Regarding pre-modern Japan, looking for parental as well as social reactions to children with any long-term condition of impairment or visible physical deformity, previous research put too much emphasis on the aspects of either the abandonment of these children by their parents, or their social exclusion and marginalization, and, by doing so, these studies highlighted only the negative sides of the people's perception of and treatment towards these children. As for Japan's early-modern period, kogoroshi and sutego have become well-researched phenomena in the main, some studies even refer to for what reasons and under what circumstances parents came to decide not to raise but to get rid of children especially with ‘disability’ or ‘disfigurement’, but how these practices were perceived, interpreted and responded to on an ideological and discursive level when targeting specifically this certain group of children remains scarcely explored so far.

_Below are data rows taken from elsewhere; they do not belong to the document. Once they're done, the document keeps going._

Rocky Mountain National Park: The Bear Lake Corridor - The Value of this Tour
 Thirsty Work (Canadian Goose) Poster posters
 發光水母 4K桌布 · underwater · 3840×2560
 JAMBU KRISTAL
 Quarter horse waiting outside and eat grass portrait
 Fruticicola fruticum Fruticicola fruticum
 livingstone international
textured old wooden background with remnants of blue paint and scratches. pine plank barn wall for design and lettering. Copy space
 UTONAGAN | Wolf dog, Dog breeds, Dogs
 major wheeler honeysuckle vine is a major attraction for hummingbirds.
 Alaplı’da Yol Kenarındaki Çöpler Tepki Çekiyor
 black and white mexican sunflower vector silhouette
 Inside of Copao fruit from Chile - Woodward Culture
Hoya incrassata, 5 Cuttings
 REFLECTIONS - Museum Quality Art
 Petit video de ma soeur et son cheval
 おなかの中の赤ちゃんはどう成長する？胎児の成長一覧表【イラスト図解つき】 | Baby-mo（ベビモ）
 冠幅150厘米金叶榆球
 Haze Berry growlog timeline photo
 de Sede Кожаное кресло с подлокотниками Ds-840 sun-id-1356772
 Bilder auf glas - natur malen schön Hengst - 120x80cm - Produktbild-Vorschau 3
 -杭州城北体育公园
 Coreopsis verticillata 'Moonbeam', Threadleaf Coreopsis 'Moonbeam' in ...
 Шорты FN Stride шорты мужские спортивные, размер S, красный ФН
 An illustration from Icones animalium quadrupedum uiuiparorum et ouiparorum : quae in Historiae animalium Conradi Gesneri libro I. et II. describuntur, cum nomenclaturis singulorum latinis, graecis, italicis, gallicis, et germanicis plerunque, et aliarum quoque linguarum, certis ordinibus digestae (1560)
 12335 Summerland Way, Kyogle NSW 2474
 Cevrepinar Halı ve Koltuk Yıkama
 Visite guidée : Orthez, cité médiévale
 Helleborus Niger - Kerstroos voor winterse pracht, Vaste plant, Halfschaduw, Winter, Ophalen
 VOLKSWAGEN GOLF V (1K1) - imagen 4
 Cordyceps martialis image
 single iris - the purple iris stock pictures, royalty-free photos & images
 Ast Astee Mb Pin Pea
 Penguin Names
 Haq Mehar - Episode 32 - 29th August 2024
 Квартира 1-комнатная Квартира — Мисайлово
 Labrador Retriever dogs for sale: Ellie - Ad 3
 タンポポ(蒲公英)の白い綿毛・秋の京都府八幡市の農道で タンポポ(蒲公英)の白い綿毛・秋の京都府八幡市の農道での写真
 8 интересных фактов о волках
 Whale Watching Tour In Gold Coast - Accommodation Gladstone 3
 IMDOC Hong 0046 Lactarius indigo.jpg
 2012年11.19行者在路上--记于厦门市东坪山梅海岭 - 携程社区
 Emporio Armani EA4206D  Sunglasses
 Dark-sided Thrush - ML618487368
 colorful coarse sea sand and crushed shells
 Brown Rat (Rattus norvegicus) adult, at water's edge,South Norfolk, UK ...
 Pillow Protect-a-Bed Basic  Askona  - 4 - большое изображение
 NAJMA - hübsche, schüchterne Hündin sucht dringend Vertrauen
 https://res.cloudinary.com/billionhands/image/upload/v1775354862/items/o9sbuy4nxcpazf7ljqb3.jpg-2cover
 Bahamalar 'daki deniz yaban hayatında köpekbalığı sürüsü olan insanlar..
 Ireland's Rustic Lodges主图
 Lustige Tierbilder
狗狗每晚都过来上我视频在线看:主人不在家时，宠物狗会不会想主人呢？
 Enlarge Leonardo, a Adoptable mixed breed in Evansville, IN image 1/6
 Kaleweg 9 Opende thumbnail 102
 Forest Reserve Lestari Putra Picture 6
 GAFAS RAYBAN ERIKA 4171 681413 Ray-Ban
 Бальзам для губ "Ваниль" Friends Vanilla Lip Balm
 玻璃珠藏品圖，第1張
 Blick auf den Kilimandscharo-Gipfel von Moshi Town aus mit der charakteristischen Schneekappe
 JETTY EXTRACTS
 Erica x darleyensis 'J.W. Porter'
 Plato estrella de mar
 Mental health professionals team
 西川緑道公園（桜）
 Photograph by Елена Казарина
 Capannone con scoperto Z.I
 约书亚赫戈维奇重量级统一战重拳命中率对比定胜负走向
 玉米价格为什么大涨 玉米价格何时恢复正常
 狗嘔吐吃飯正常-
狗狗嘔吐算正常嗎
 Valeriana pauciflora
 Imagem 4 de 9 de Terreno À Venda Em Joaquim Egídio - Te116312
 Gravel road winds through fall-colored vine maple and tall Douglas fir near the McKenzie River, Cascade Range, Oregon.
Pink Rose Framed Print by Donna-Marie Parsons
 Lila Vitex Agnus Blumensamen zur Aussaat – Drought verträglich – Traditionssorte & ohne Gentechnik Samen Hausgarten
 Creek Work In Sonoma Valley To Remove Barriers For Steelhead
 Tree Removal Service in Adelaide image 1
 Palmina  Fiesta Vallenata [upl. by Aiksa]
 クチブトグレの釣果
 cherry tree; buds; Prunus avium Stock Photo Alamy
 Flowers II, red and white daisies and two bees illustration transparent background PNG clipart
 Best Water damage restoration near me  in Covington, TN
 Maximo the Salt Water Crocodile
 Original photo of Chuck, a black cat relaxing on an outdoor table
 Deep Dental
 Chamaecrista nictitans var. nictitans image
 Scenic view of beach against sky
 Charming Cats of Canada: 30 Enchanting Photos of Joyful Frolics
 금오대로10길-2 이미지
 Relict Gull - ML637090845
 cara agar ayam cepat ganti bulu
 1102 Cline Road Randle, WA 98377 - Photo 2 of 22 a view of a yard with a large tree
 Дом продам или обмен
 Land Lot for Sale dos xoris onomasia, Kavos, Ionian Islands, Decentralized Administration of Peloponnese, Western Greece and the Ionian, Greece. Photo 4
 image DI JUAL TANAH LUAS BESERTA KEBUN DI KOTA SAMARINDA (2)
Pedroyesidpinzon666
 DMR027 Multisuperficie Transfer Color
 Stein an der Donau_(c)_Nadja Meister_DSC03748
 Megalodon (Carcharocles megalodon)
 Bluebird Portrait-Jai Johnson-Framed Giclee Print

Taking a closer look at scriptures of officials, scholars and Buddhist priests, through this presentation, I would like to show that while some pledged for killing or abandoning such children, during the mid- and late-Edo-period, there further has been a great variety of voices in favor for these children, assigning to parents a duty to raise and care for their children even in the case they may be ‘disabled’ or ‘disfigured’, considering these children's lives as something that should be valued and protected.